*** Opening of Collected material ***
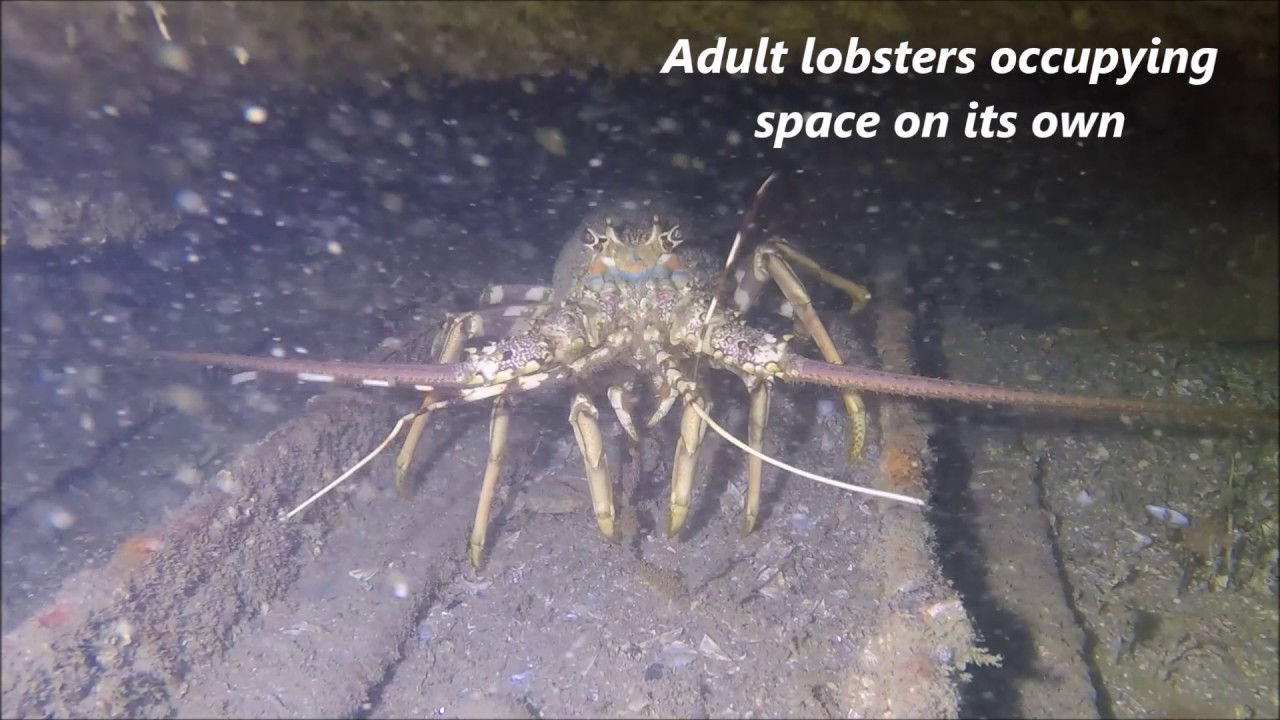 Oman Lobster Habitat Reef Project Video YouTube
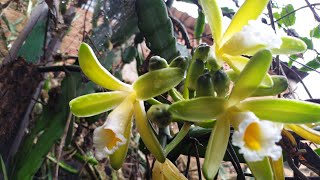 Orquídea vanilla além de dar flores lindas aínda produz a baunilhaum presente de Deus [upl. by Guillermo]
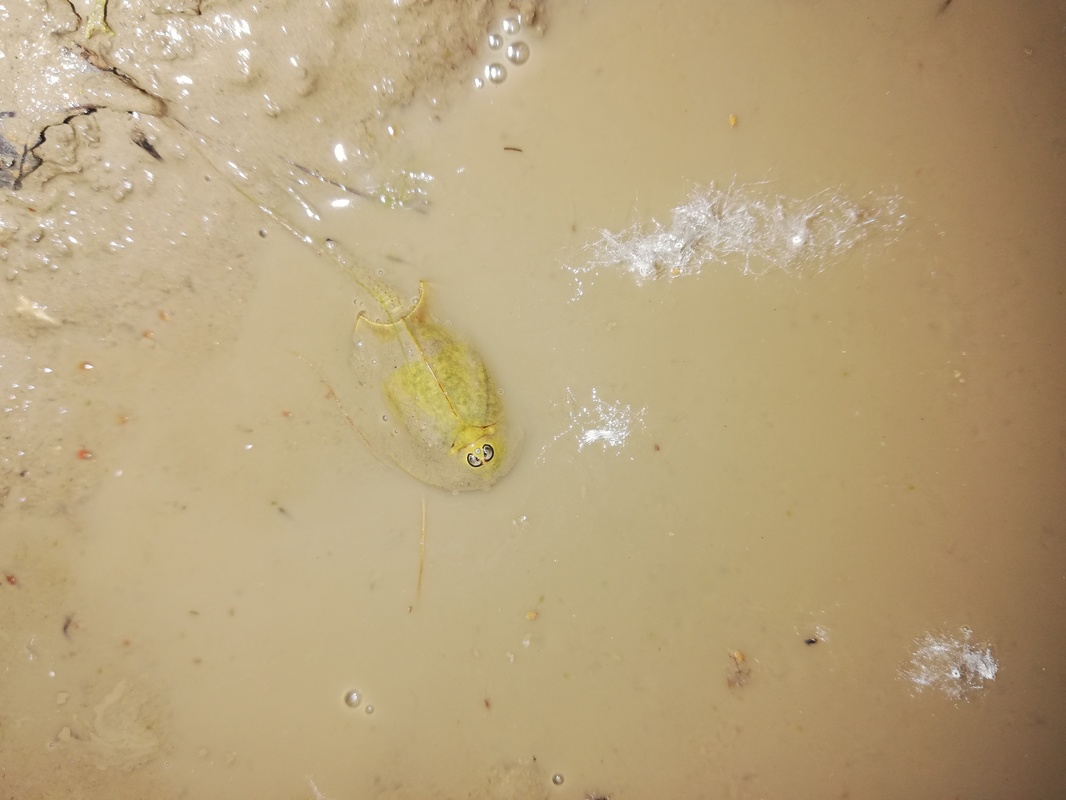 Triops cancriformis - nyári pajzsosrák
*** Close of Collected material ***
Copy out the listing above exactly, and keep the pictures out of it.

 Oman Lobster Habitat Reef Project Video YouTube
 Orquídea vanilla além de dar flores lindas aínda produz a baunilhaum presente de Deus [upl. by Guillermo]
 Triops cancriformis - nyári pajzsosrák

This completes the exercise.